Captioned web images:
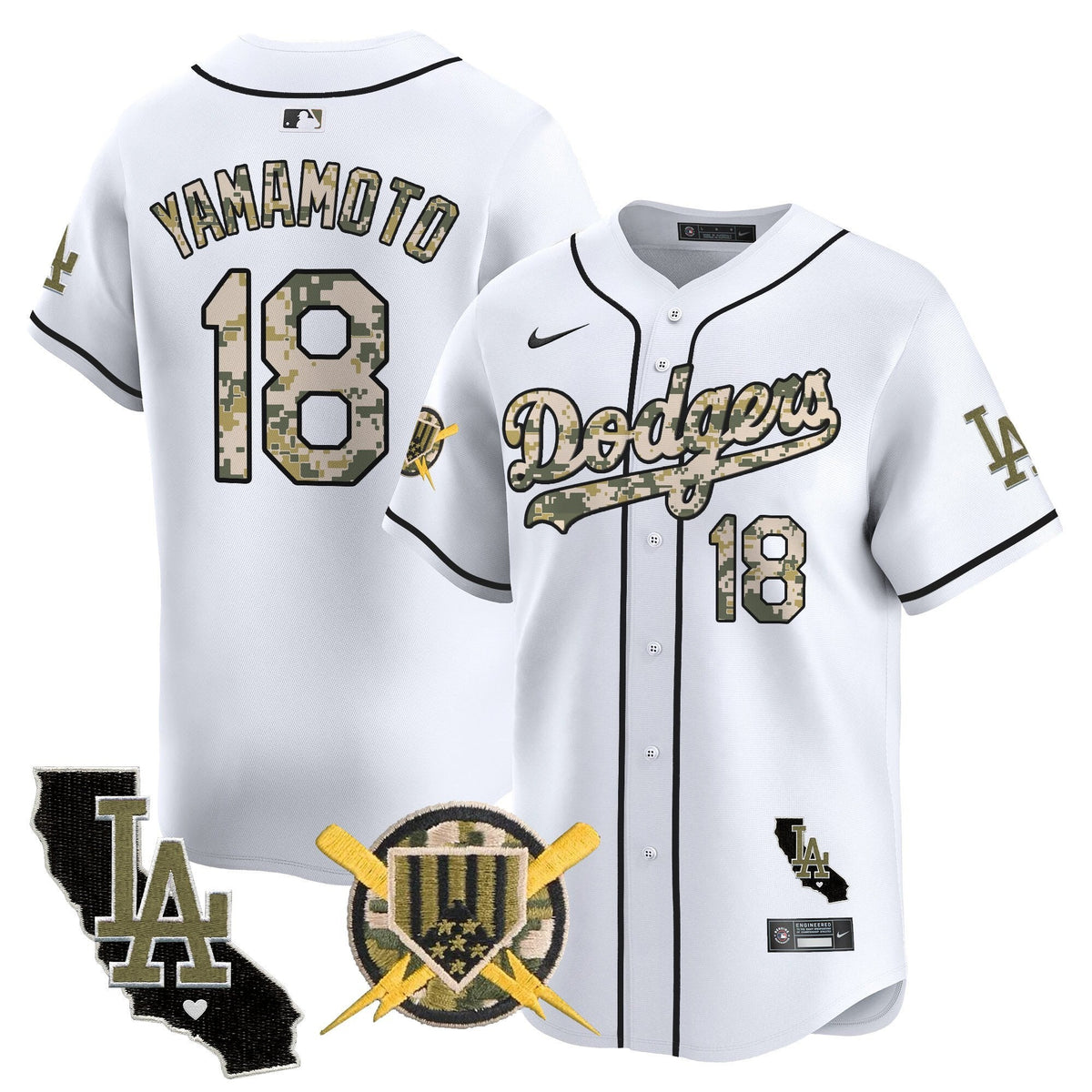 LAD Armed Forces Day Vapor Premier Limited Jersey - Stitched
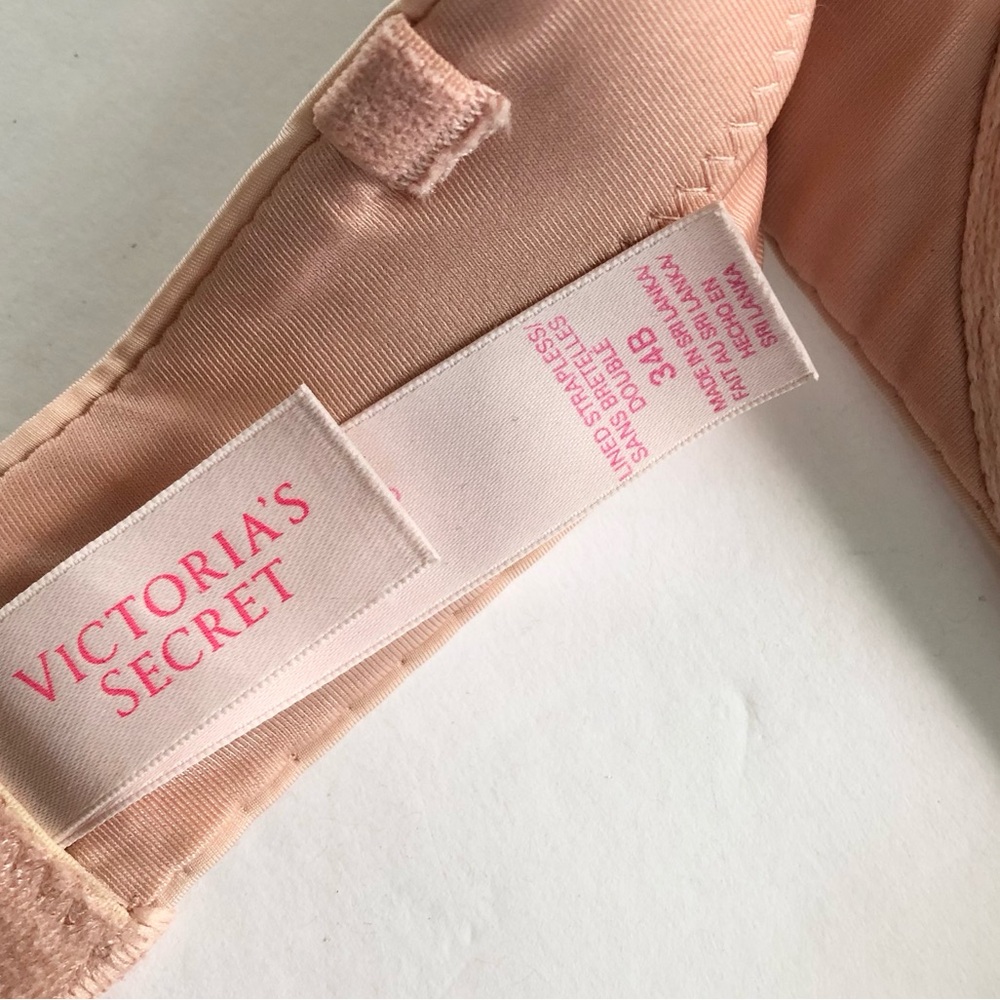 Victoria’s Secret Lined Strapless Bra 34B - Picture 5 of 5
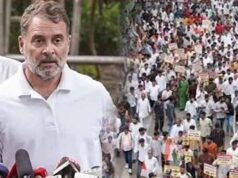 राहुल गांधी के कार्यक्रम की अनुमति लेने इंदौर नगर निगम पहुंचे कांग्रेस नेता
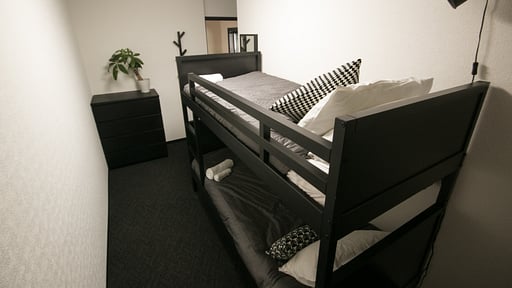 Hotel Villa Hakuba Four Bedroom Apartment Bedroom 4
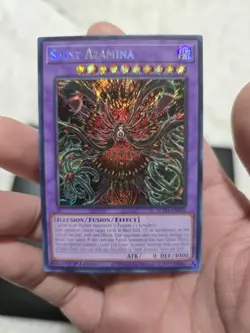 Saint Azamina SUDA-EN036 Secret Rare 1st Edition Near Mint Yu-Gi-Oh! - Image 2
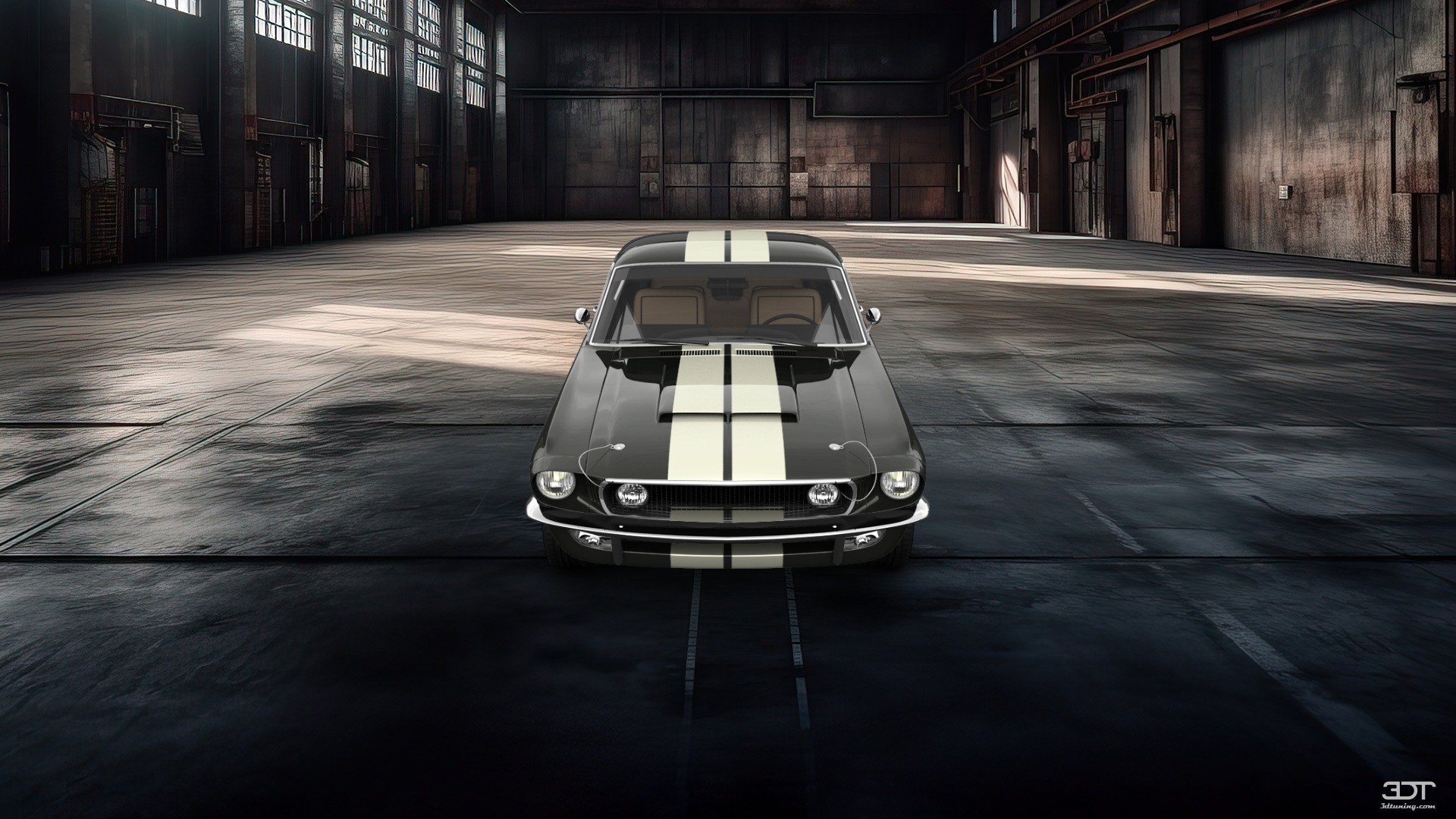Mustang GT500 2 Door Coupe 1968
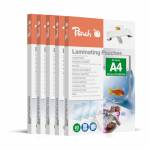 Peach - Laminierfolien A4 216x303mm 80mic 5x100 Folien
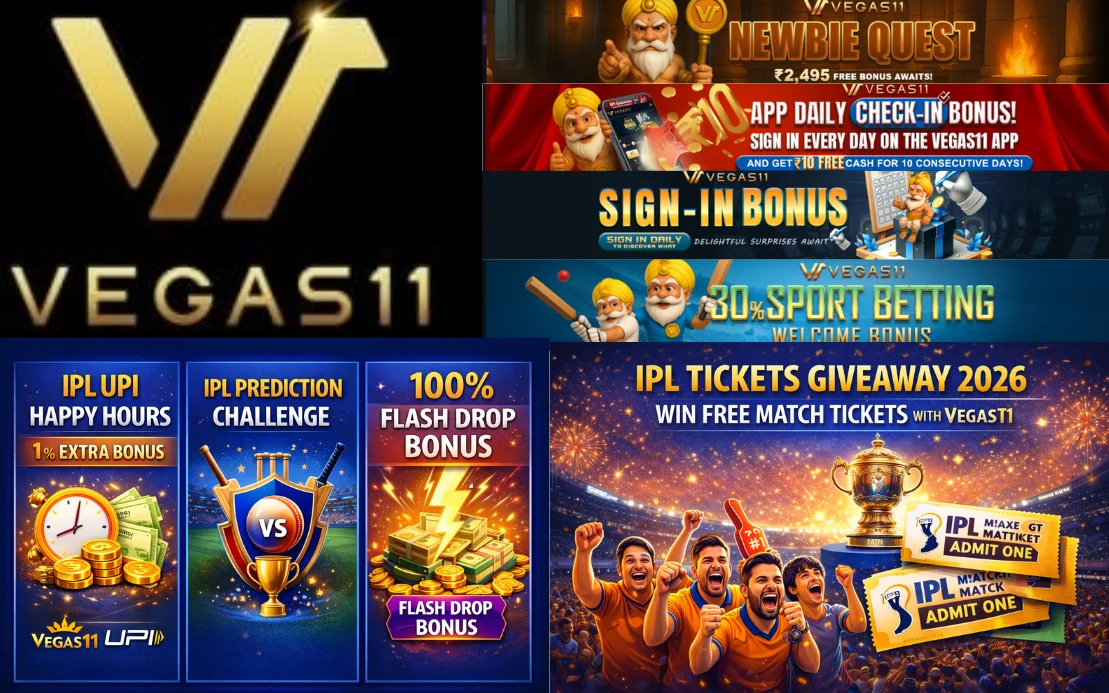 Vegas11 Platform Promotions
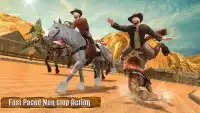 Extreme Wild Horse Race Texas Screen Shot 0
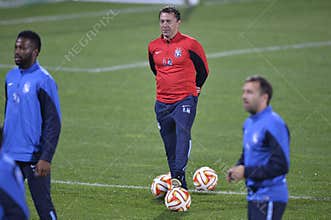 Football coach - Laurentiu Rosu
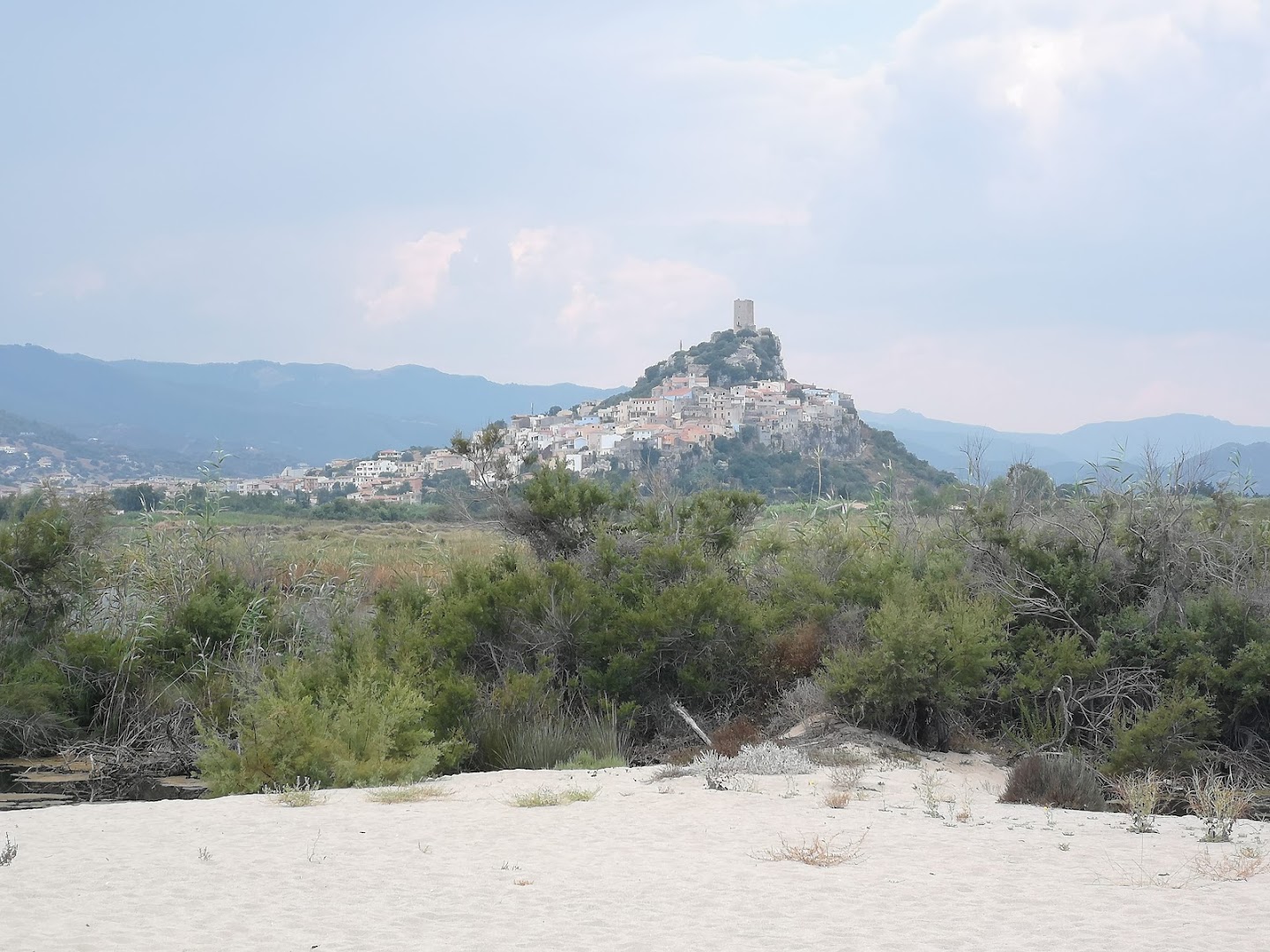 Spiaggia di Su Tiriarzu, Posada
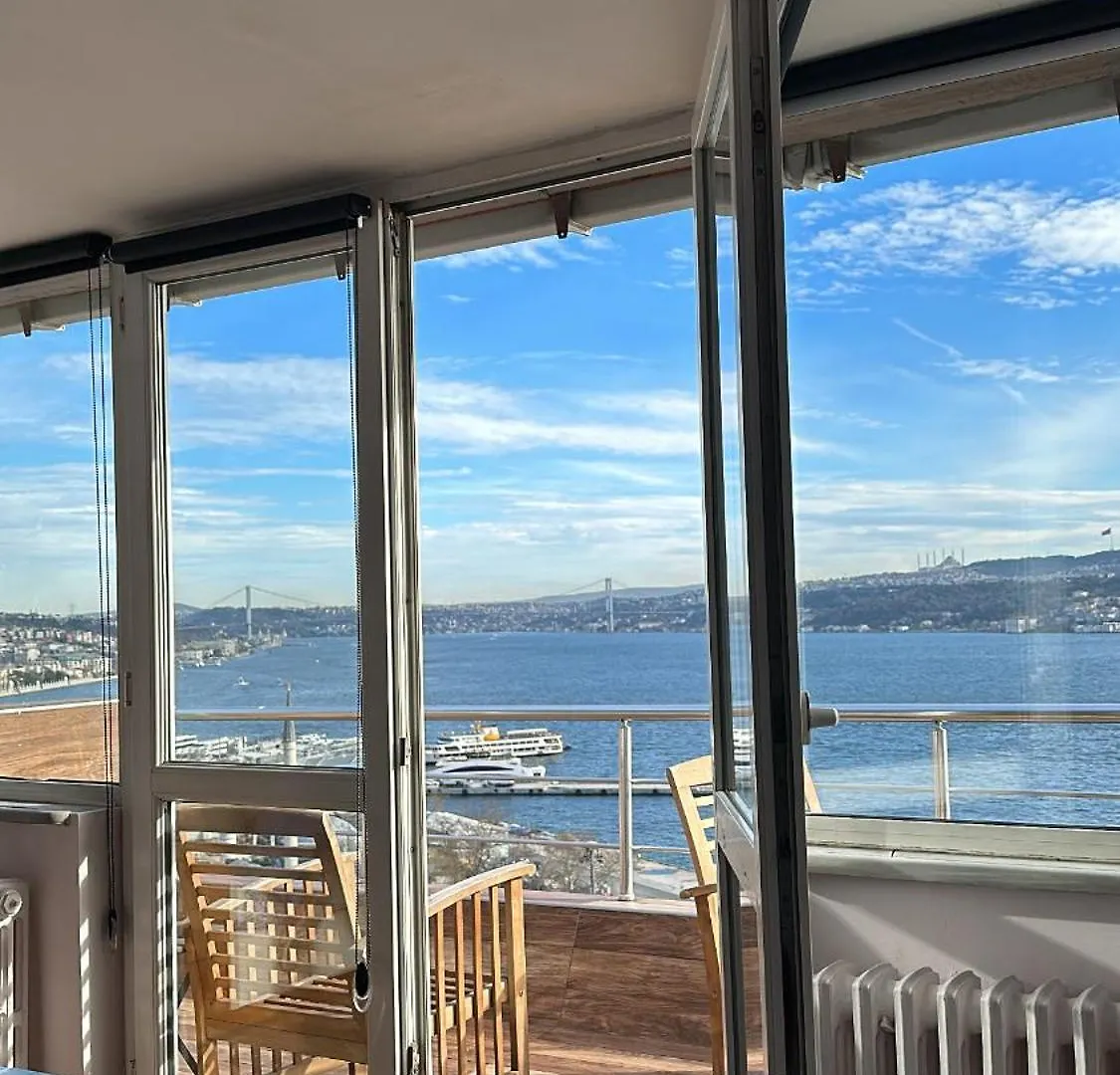 Deluxe Duplex In City Center With 210 Degrees Bosphorus Viewed Istanbul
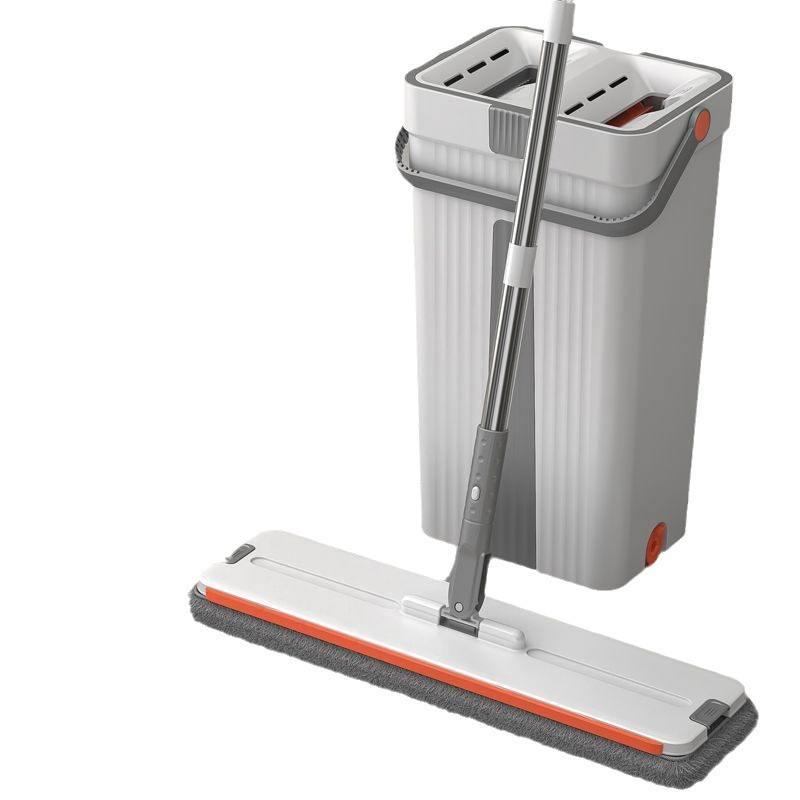 Serpillère Plate et Seau pour la Maison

[Work to be completed]: Please retype the lines from the one containing "Peach - Laminierfolien" through the last line of the records above, exactly as written, and leave out any pictures.

[Output below]:
 Peach - Laminierfolien A4 216x303mm 80mic 5x100 Folien
 Vegas11 Platform Promotions
 Extreme Wild Horse Race Texas Screen Shot 0
 Football coach - Laurentiu Rosu
 Spiaggia di Su Tiriarzu, Posada
 Deluxe Duplex In City Center With 210 Degrees Bosphorus Viewed Istanbul
 Serpillère Plate et Seau pour la Maison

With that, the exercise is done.